Backup & Restore

Protecting your state against human error and physical disasters.

The idea

High availability (like running 3 database replicas) protects you if a single server crashes. But if an admin accidentally types `DROP TABLE users`, that destructive command is instantly replicated to all 3 servers! To survive logical errors or region-wide physical disasters, you must take point-in-time snapshots of your data and ship them to cold storage.

Step 1: The database is running and replicating normally across two nodes.

How it works (Full + Incremental)

Taking a full backup of a 10TB database every day is too expensive. Instead, systems take a Full Backup once a week, and then continuously back up the Write-Ahead Log (WAL), which acts as an incremental backup of every single transaction.

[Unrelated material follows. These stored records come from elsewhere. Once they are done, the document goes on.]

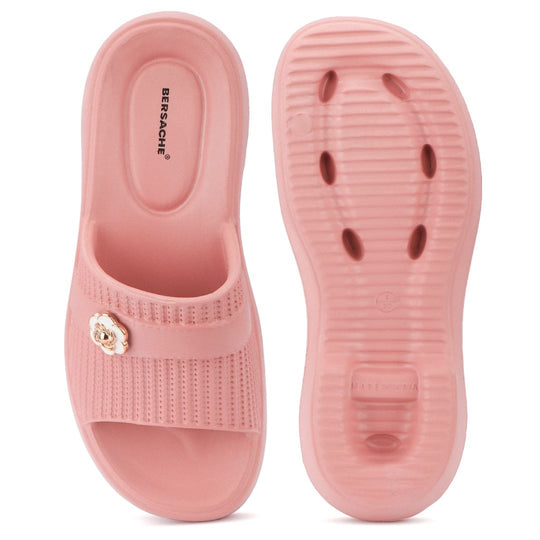 Bersache Extra Soft Classic Casual CHAPPAL with  Regular wear with Ultra Soft & Flexibility Technology  Slippers for Women's-(6292-Pink)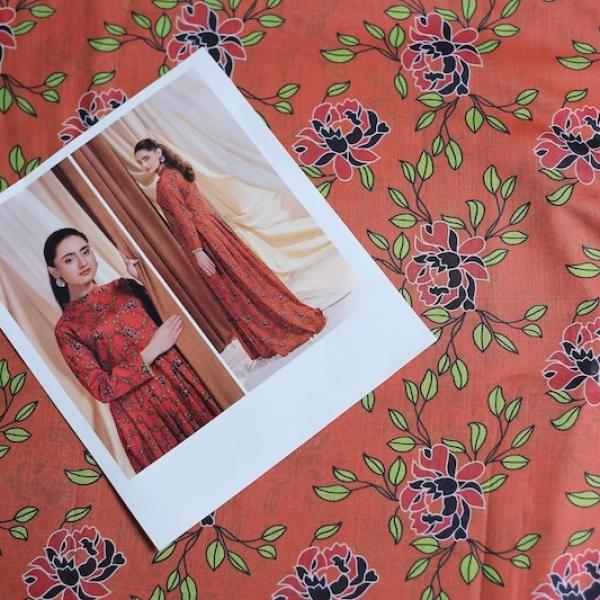 UBZ-007 2 Piece Printed Lawn Un-Stitched Suit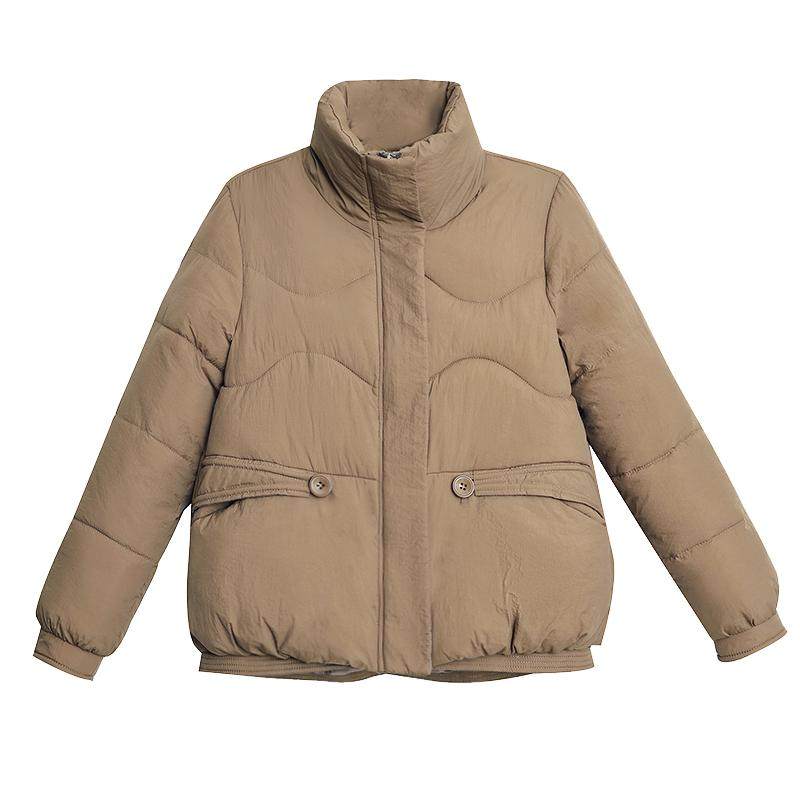 宽松面包服羽绒棉衣女短款2024新款秋冬棉服遮肉外套保暖时尚棉袄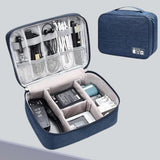 Double Layer Travel Electronics Organizer Bag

# Point-In-Time-Recovery (PITR) Concept

def restore_database(target_time):
    # 1. Fetch the last FULL backup before the target_time
    full_backup = s3.download("s3://backups/db-full-sunday.tar")
    db.load_snapshot(full_backup)
    
    # 2. Fetch all incremental WAL files since Sunday
    wal_files = s3.list("s3://backups/wal/", since="Sunday")
    
    # 3. Replay every transaction sequentially up to the target time
    for wal in wal_files:
        for transaction in wal.transactions:
            if transaction.timestamp > target_time:
                break # Stop exactly when requested!
            db.apply(transaction)
            
    print("Database restored successfully!")

Cost

Storage cost is high (S3 is cheap, but TBs add up). But the real cost is RTO (Recovery Time Objective). Replaying days of WAL files to recover a database can take hours of downtime.

Watch out for

Unverified Backups: A backup that cannot be restored is not a backup. You must regularly automate tests that pull the backup and boot it up in a sandbox.
Cross-Region Requirements: If your database is in AWS `us-east-1` and your S3 bucket is also in `us-east-1`, a total region failure takes out both. Backups must be shipped to a physically separate region.